New to the Norwegian capital? Or just started looking at new premises to launch your startup? Coworking spaces could be ideal for you. The cost-effective and flexible way to run your business, coworking is increasingly popular all around the world, and particularly in the Nordics.
Spread across two historic buildings of 3500 sqm2, 657 Oslo is Norway’s largest coworking space. It is currently the home of 220 people from more than 90+ companies. They focus on creative entrepreneurship, and the membership prices are super flexible, including drop-in options and one day a week only. You can also set up your own office at 657 Oslo (but do contact them for pricing).
Perks include the usual fast internet, coffee and tea, private phone booth, printers, and 24/7 access. There is a wide array of meetings rooms and event spaces so you can host workshops, parties, and interviews at your leisure.
Founded in 2012, MESH was the first coworking space in Oslo, and it’s still growing today. Two new hubs are on the way, namely MESH Youngstorget, at Møllergata 6-8, and MESH Drammen, in the heart of the city. This means if you couldn’t get a spot in the original building, you’ll soon be able to join an expanding community of entrepreneurs and attend events, enjoy the great facilities, and the expected perks like fast WiFi, meeting rooms, and a printing area.
MESH is actually part of a Nordics-wide community of creators, which links them with Founders House in Copenhagen, DIGS in Trondheim, and companies like Kahoot!, Spotify and Snapchat.
The coworking space of Startup Campus itself aims to be more than a collection of shared offices. It’s a 2,500 sqm open-door community for anyone who wants to hang out and surround themselves with fellow entrepreneurs. Don’t let the fact that it’s located above a parking garage scare you: the facilities are as modern and friendly as you can hope.

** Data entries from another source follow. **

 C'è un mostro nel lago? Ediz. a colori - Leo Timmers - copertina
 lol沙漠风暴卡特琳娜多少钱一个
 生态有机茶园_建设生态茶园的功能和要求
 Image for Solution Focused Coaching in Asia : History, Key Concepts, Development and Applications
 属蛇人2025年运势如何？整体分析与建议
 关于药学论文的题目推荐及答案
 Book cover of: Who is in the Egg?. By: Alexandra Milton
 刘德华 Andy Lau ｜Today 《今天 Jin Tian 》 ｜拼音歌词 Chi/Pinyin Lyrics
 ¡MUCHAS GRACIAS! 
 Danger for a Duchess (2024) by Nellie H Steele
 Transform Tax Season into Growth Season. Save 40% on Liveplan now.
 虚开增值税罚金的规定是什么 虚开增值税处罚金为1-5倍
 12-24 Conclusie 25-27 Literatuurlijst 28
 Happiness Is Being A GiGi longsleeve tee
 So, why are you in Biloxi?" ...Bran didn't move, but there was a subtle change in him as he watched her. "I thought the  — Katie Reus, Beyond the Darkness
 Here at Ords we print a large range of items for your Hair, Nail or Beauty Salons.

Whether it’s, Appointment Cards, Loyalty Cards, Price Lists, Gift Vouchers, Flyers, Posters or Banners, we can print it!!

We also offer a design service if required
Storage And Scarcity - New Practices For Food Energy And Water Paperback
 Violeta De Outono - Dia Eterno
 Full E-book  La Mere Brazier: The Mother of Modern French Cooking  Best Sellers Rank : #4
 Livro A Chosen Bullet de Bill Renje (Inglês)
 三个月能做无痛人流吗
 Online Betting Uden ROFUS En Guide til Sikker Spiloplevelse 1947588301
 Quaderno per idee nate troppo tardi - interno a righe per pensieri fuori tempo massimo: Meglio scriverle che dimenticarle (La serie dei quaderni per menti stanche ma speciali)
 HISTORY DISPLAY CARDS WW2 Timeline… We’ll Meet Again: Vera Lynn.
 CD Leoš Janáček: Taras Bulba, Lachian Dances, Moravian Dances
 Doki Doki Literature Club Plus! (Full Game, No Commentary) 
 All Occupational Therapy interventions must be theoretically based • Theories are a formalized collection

Founded in 2012, SoCentral is more than a coworking space: it’s a full venture dedicated to sharing knowledge via open-source, sustainability, and social innovation. If you want to be part of a community that works towards a more open, sustainable and inclusive society, this is the place for you. To set up your company at SoCentral, you can either rent a space or become a member of their incubator program.
With two locations at Oscars gate, an accelerator and connections to a number of government funding programs, Oslo International House also aims to be more than just a coworking space. They want to be a hub for cross-border business in Oslo and help facilitate bilateral setups of Chambers of Commerce.
But they do also have shared offices! And an interesting and unique offer from Oslo International House is the ability to set up a virtual office with their postal address and occasional access to meeting rooms. It’s a great way to give your budding company legitimacy, especially for face-to-face meetings with potential investors.
Share, as the name suggests, is all about the cross-pollination of ideas for Norwegian startups. The emphasis is on creating a community of like-minded entrepreneurs and creatives, with a focus on tech startups.
Bringing together digitally-innovative companies in Stockholm, Helsinki, Amsterdam, and Oslo, Epicenter is a veritable startup hub for the Nordics. The Norwegian location, in Edvard Storms, is indeed in the (epi)center of town, which makes it easy to connect for meetings and networking.
In fact, the events calendar at Epicenter is probably one of the biggest selling points for members. You’ll get to attend all kinds of conferences on AI, robotics, technology, and even social events like craft beer tasting or Christmas “ugly sweater” parties.
An initiative from Simula Research Laboratory, the Simula Garage is a coworking space designed to accommodate a mix of entrepreneurial projects and startups by OlsoMet students, alumni and staff (the premises are located at the Oslo Metropolitan University). Since its inception in 2016, it has helped 80 startups get started through support with PR soft funding and networking opportunities.
It is a research-oriented space, where your startup would ideally be dedicated to tackling scientific challenges with long term impact on society. This includes communication systems, computer science, software engineering, cybersecurity, and machine learning, amongst others.
After successfully running a handful of locations in London and Ireland, co-working space Huckletree is now opening an Oslo location. The premises are impressive: 10,000 sq ft on the waterfront next to TV2’s live broadcast suite. There is no specific vertical for the startups who wish to apply, and looking at the UK membership tiers, it looks like Huckletree is just as suited for solo freelancers as it is for growing startups.
Greenhouse is a coworking and event space located in the “upcoming agricultural district in Grønland”. And yes, it is the home of companies working on innovative solutions to urban challenges, particularly in the food tech sphere.
Different memberships give you access to different areas, such as the Work Lounge and Flex area. You’ll also get to try your hand at cooking classes, be first in line to join the upcoming food incubator, and explore what else the community is doing in the sustainability / green movement sphere.
We’ve only selected 10 co-working spaces to look at different specific niches, but of course, the Norwegian capital has tons more to offer.
You can also look at the International giants like Spaces, WeWork, and Evolve, who have an increasing presence across Norway, and don’t forget to check out local university websites, as they sometimes have coworking offers for non-alumni and students.